- _DATASET EXCERPTS_
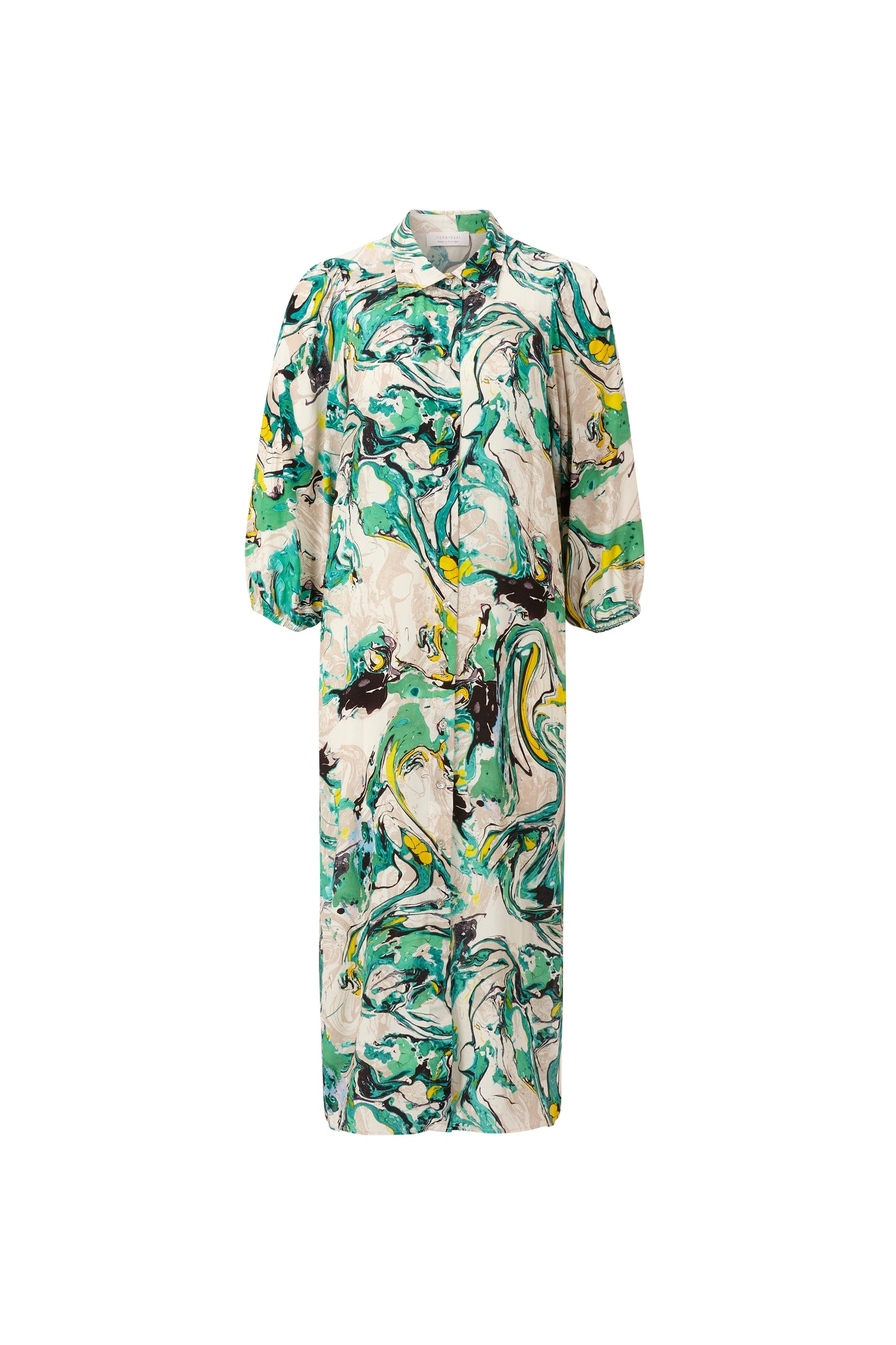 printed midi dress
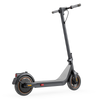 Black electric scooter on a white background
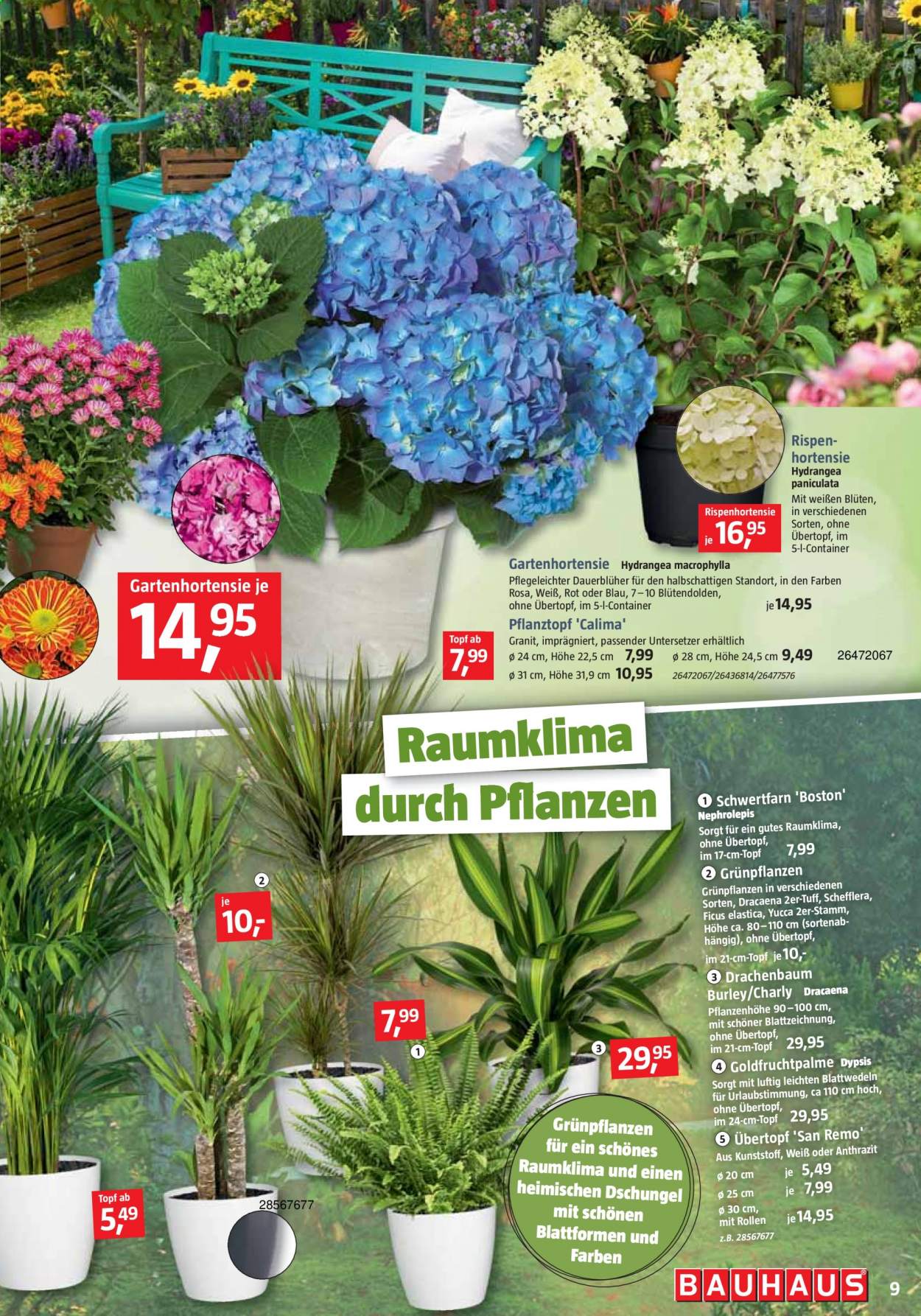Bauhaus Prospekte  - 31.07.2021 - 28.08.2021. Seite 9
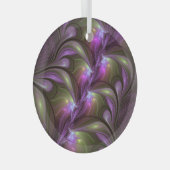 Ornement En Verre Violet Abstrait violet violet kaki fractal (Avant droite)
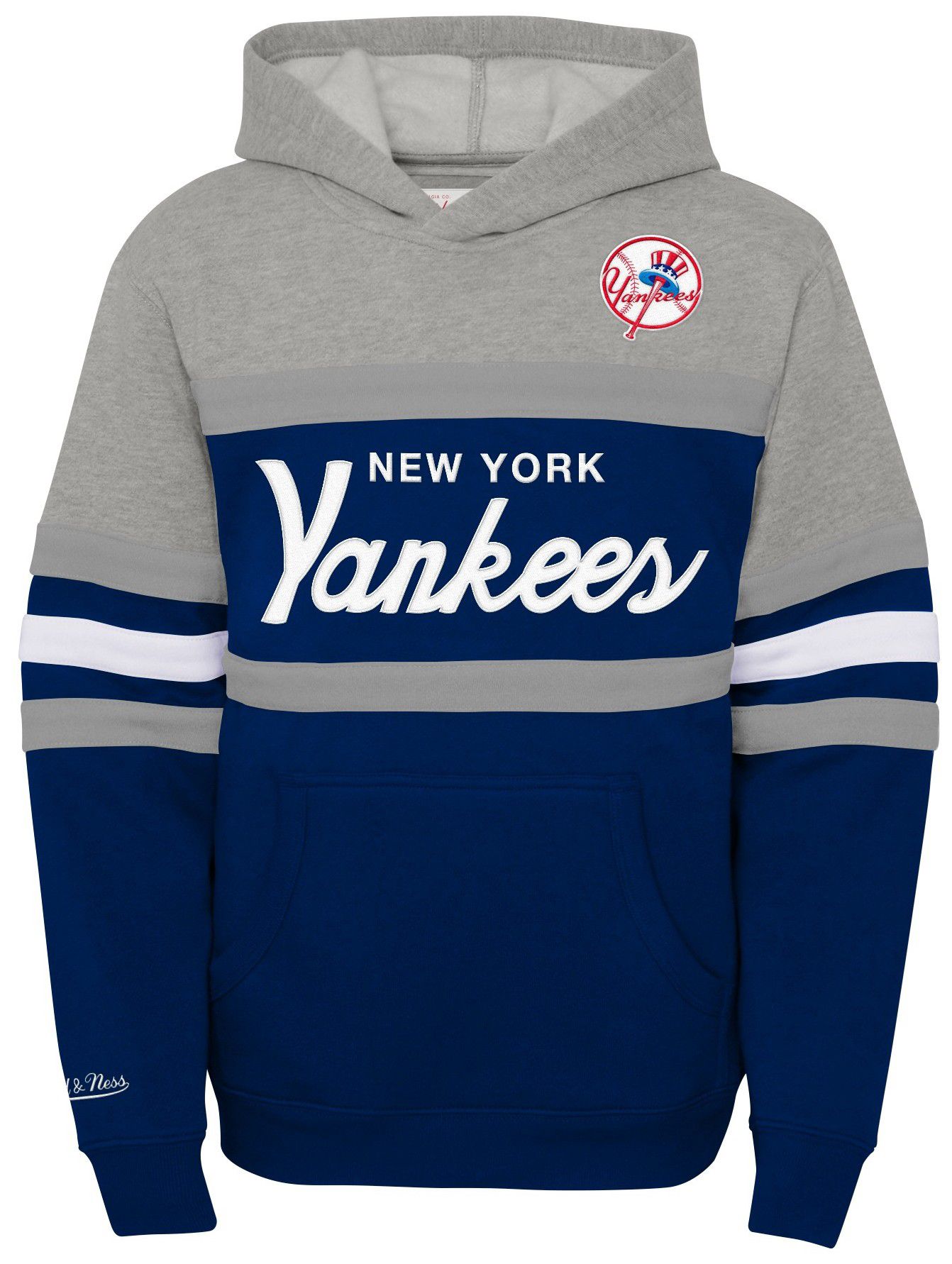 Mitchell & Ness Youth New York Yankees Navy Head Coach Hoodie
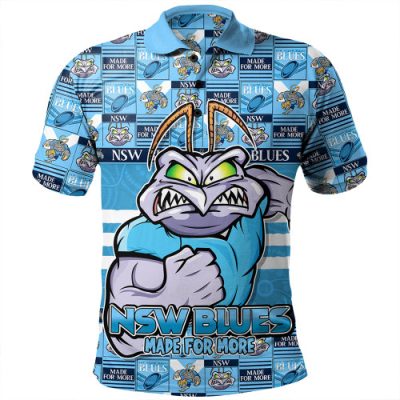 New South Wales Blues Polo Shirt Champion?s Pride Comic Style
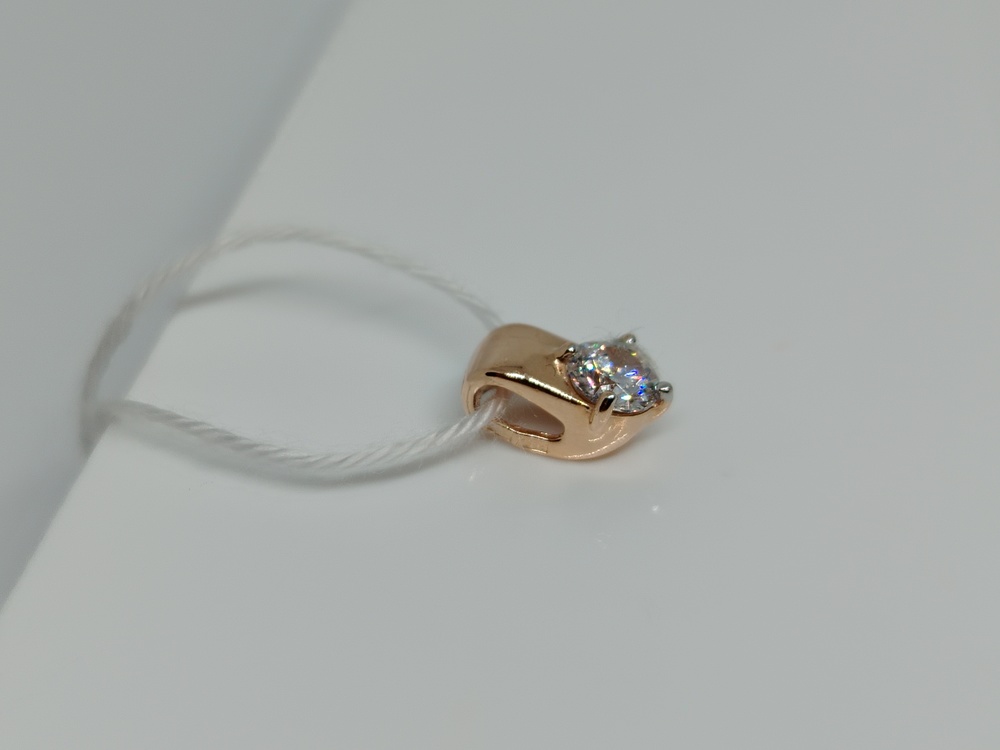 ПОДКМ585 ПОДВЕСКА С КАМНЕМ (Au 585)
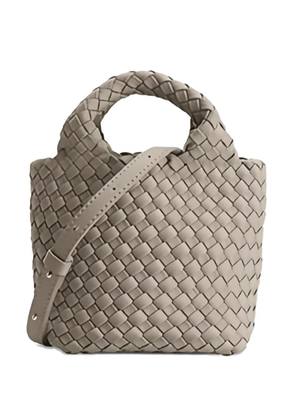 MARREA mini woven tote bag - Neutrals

- _WHAT THE TASK ASKS_
Hand back the data above exactly, with no images.

- _EXERCISE OUTPUT_
 printed midi dress
 Black electric scooter on a white background
Bauhaus Prospekte  - 31.07.2021 - 28.08.2021. Seite 9
 Ornement En Verre Violet Abstrait violet violet kaki fractal (Avant droite)
 Mitchell & Ness Youth New York Yankees Navy Head Coach Hoodie
 New South Wales Blues Polo Shirt Champion?s Pride Comic Style
 ПОДКМ585 ПОДВЕСКА С КАМНЕМ (Au 585)
 MARREA mini woven tote bag - Neutrals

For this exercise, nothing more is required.